Exercise instructions: Reproduce the listing below exactly, except for its pictures.

Task input:
= Beginning of Section =

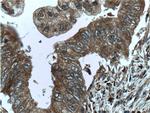 ME2 Antibody in Immunohistochemistry (Paraffin) (IHC (P))
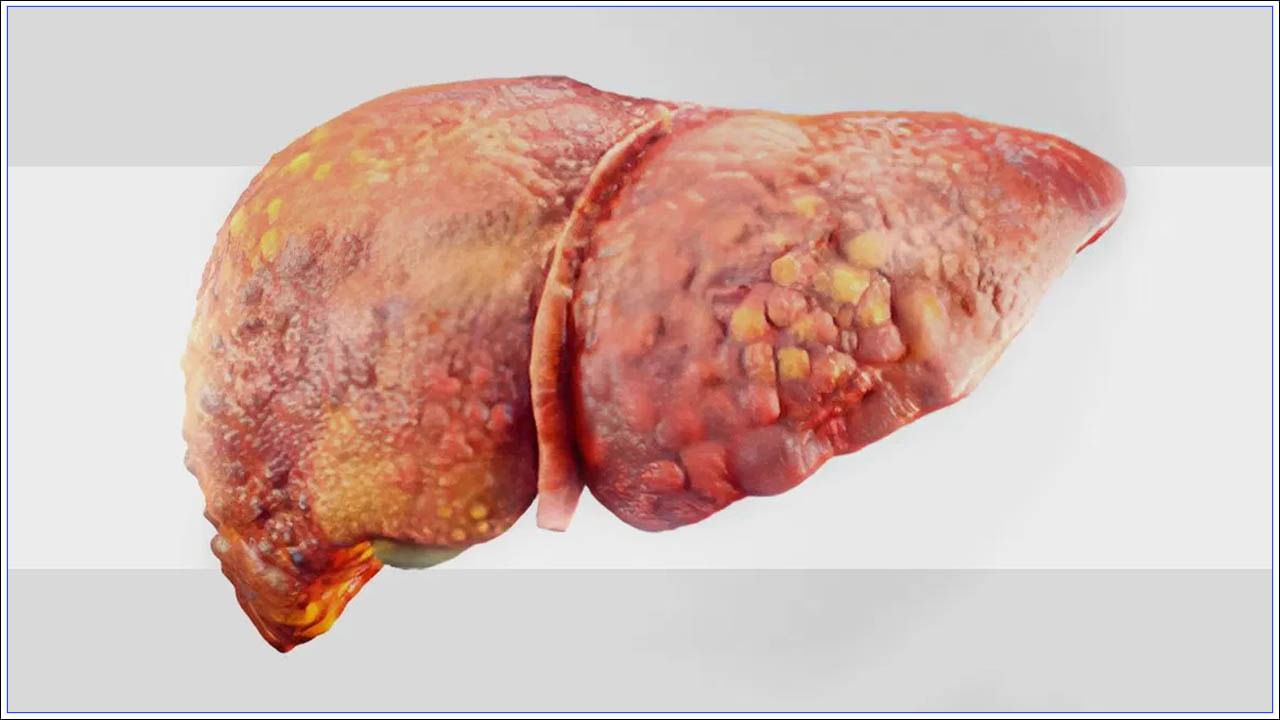 Fatty Liver: మద్యం తాగనివారు కూడా ఫ్యాటీ లివర్ బాధితులుగా ఎందుకు మారుతున్నారు?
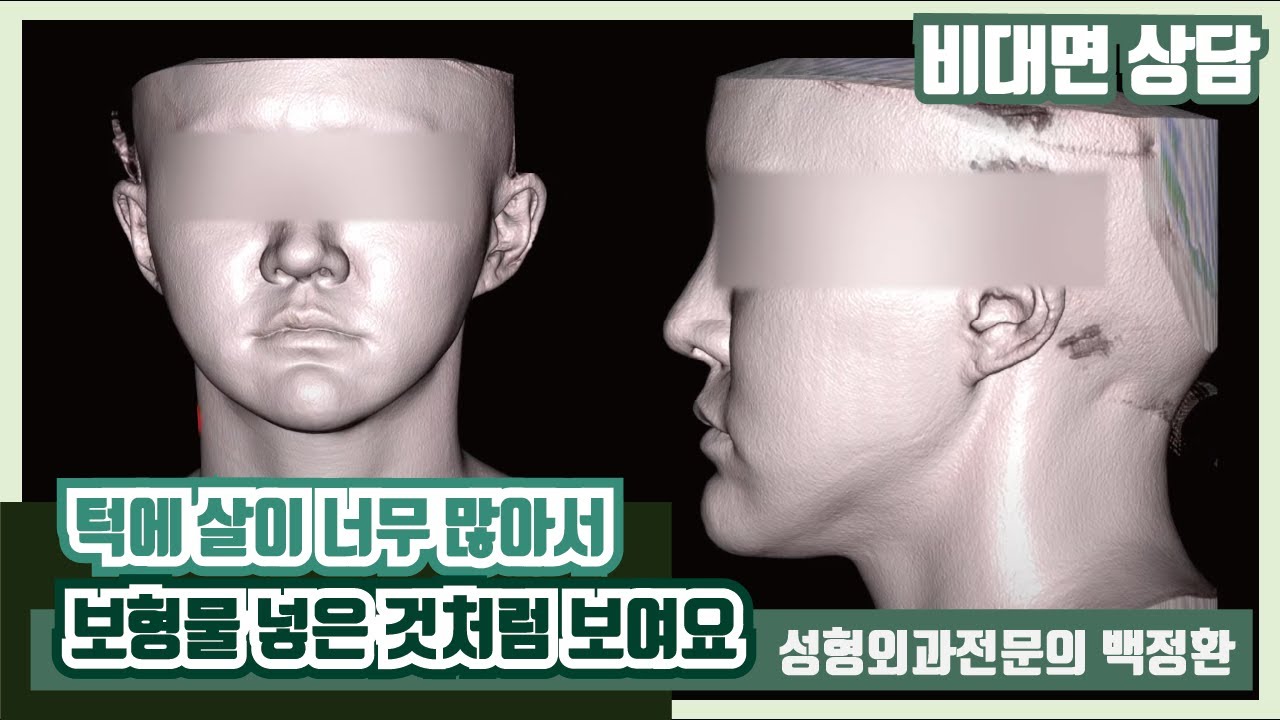 (SUB) 턱에 살이 너무 많아서 보형물을 넣은 것처럼 보여요 [비대면상담 #63] / I have so much fat on my chin...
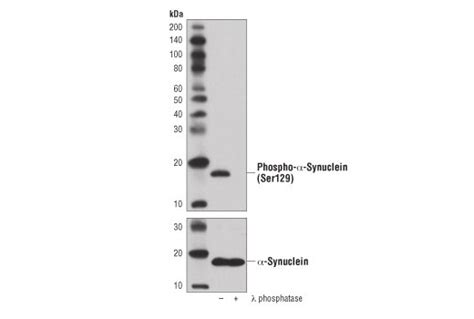 Phospho Alpha Synuclein Ser D R R Rabbit Mab L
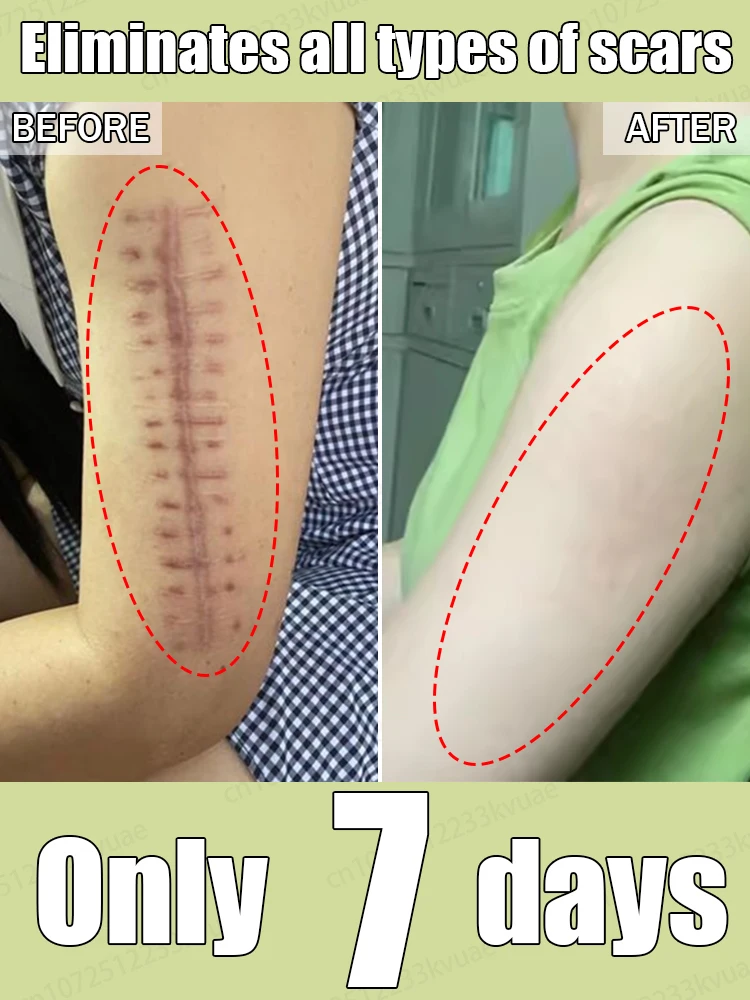 Crema para eliminar cicatrices. Elimina eficazmente las cicatrices de heridas y repara las cicatrices.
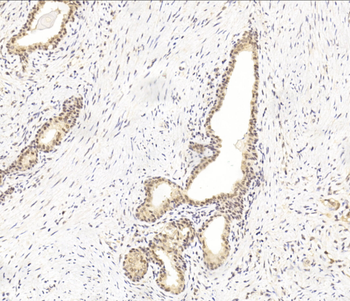 MGMT Antibody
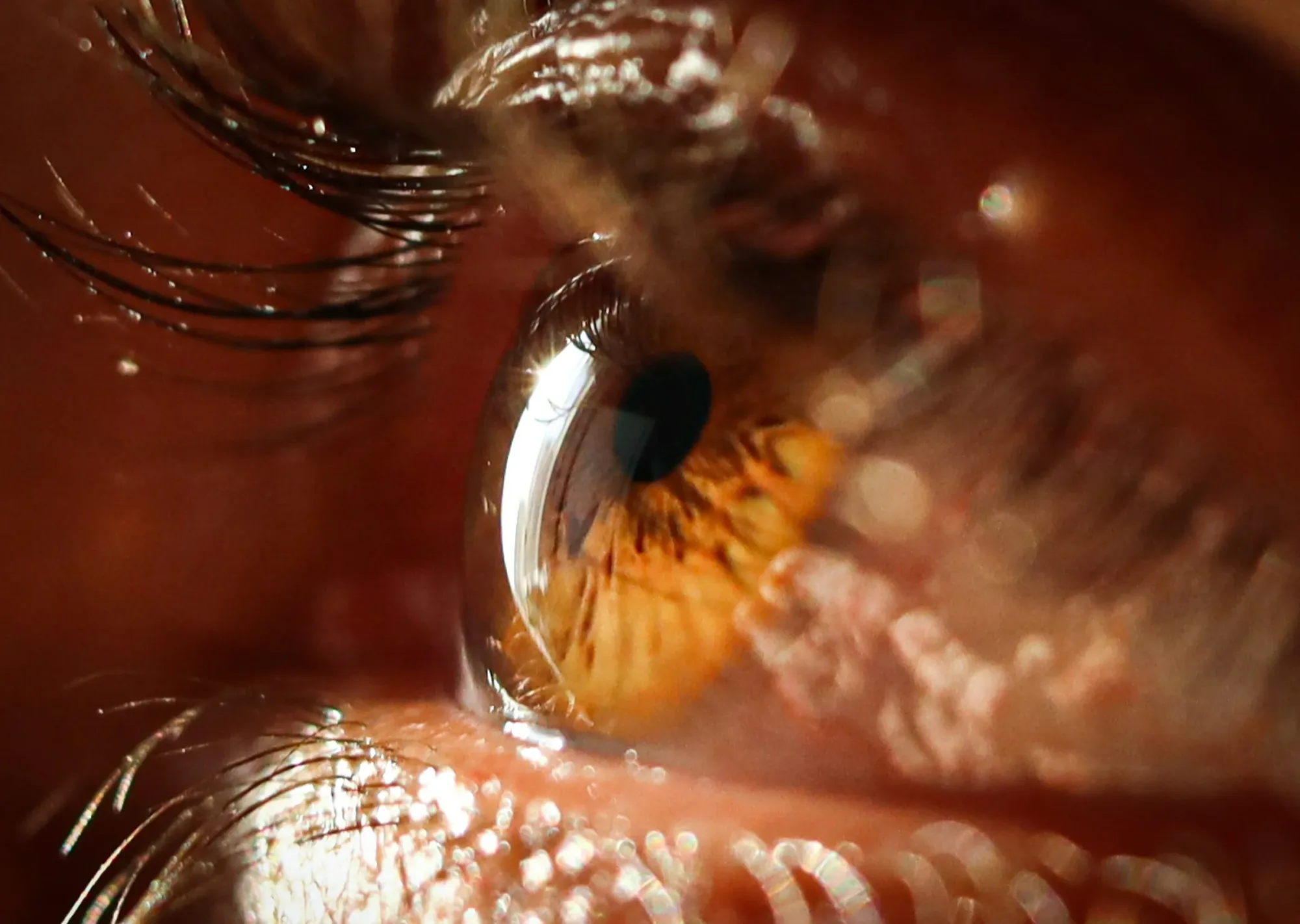 4DMT’s 4D-150 Moves Into Phase 3 for DME, Intensifying Pressure on Ocular’s AXPAXLI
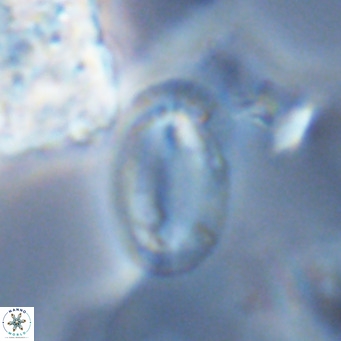 Helicosphaera epimikeisporous VR 04139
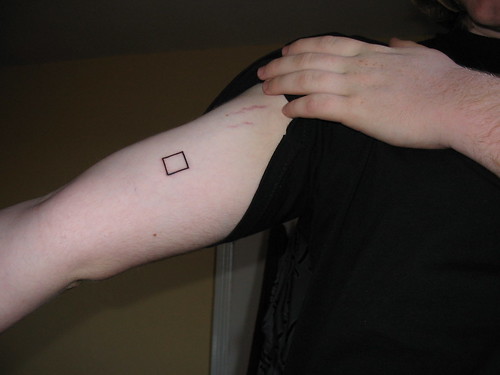 Small square on right upper arm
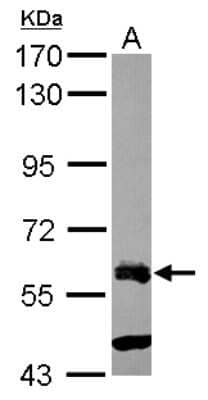 Western Blot: ZNF181 Antibody [NBP2-20967] - Sample (30 ug of whole cell lysate) A: Raji 7. 5% SDS PAGE gel, diluted at 1:1000.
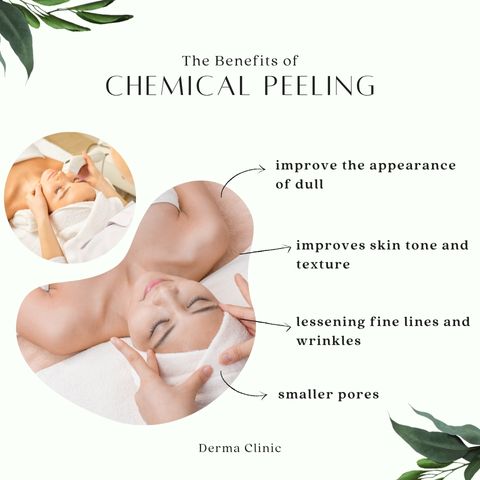 Chemical Peeling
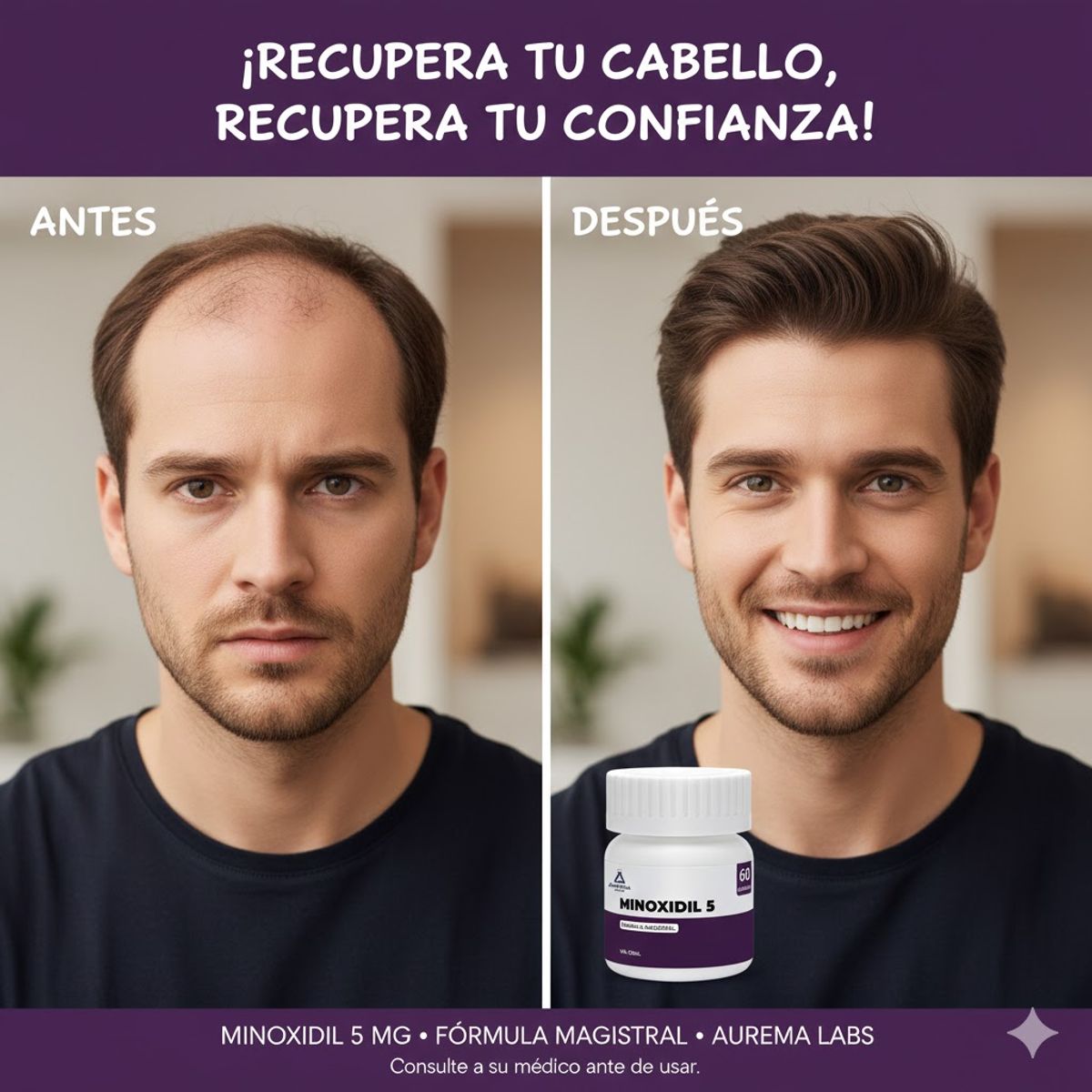 GENERICO - minoxitina 60 capsulas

= End of Section =

Response:
 ME2 Antibody in Immunohistochemistry (Paraffin) (IHC (P))
 Fatty Liver: మద్యం తాగనివారు కూడా ఫ్యాటీ లివర్ బాధితులుగా ఎందుకు మారుతున్నారు?
 (SUB) 턱에 살이 너무 많아서 보형물을 넣은 것처럼 보여요 [비대면상담 #63] / I have so much fat on my chin...
 Phospho Alpha Synuclein Ser D R R Rabbit Mab L
 Crema para eliminar cicatrices. Elimina eficazmente las cicatrices de heridas y repara las cicatrices.
 MGMT Antibody
 4DMT’s 4D-150 Moves Into Phase 3 for DME, Intensifying Pressure on Ocular’s AXPAXLI
 Helicosphaera epimikeisporous VR 04139
 Small square on right upper arm
 Western Blot: ZNF181 Antibody [NBP2-20967] - Sample (30 ug of whole cell lysate) A: Raji 7. 5% SDS PAGE gel, diluted at 1:1000.
 Chemical Peeling
 GENERICO - minoxitina 60 capsulas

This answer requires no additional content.